The application of ultrasound artificial intelligence in the diagnosis of endometrial diseases: Current practice and future development.
Authors
Affiliations (5)
Affiliations (5)
- Key Laboratory of Medical Imaging Precision Theranostics and Radiation Protection, College of Hunan Province, the Affiliated Changsha Central Hospital, Hengyang Medical School, University of South China, Changsha, China.
- Institute of Medical Imaging, Hengyang Medical School, University of South China, Hengyang, China.
- Department of Computer Science and Technology, University of South China, Hengyang, China.
- College of Mechanical Engineering, University of South China, Hengyang, China.

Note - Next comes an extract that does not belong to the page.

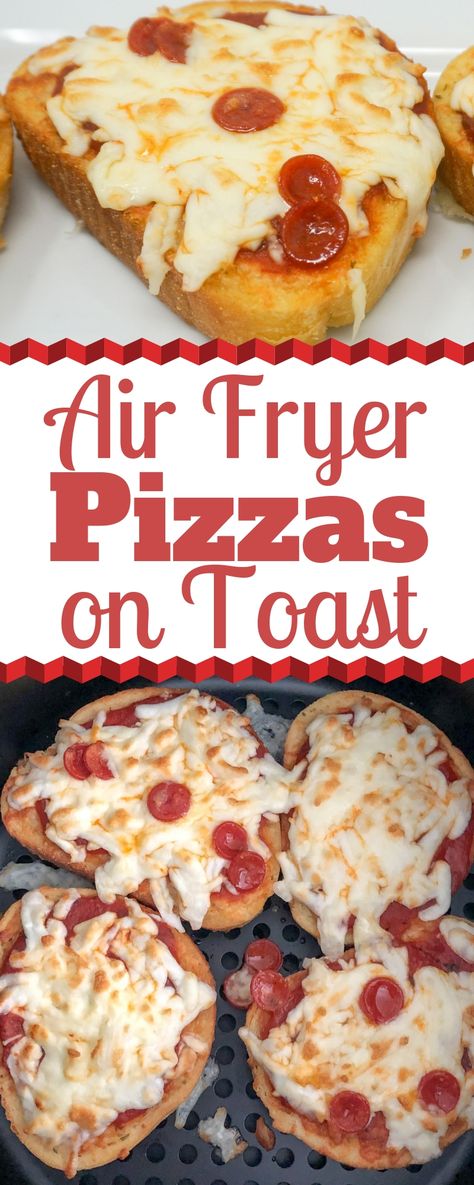 Air Fryer Garlic Toast Pizzas are a quick and easy weeknight meal that are sure to please the whole family. They are super easy to customize and great for kids. | Air Fryer Pizza | Air Fryer Pizza Bread | Garlic Toast Pizza | Easy Pizza Air Fryer | Easy Pizza Recipes | Fast Weeknight Dinner Ideas | Quick AIr Fryer Recipes | Pizza Temperature | #AirFryer #Pizza #GarlicToast Airfryer Pizza, Yeast Biscuits, Cashew Mozzarella, Bread Garlic, Pizza Easy, Air Fryer Garlic, Easy Baked Ziti, Garlic Toast, Toast Pizza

- Department of Medical Imaging, the Affiliated Changsha Central Hospital, Hengyang Medical School, University of South China, Changsha, China.
Abstract
Diagnosis and treatment of endometrial diseases are crucial for women's health. Over the past decade, ultrasound has emerged as a non-invasive, safe, and cost-effective imaging tool, significantly contributing to endometrial disease diagnosis and generating extensive datasets. The introduction of artificial intelligence has enabled the application of machine learning and deep learning to extract valuable information from these datasets, enhancing ultrasound diagnostic capabilities. This paper reviews the progress of artificial intelligence in ultrasound image analysis for endometrial diseases, focusing on applications in diagnosis, decision support, and prognosis analysis. We also summarize current research challenges and propose potential solutions and future directions to advance ultrasound artificial intelligence technology in endometrial disease diagnosis, ultimately improving women's health through digital tools.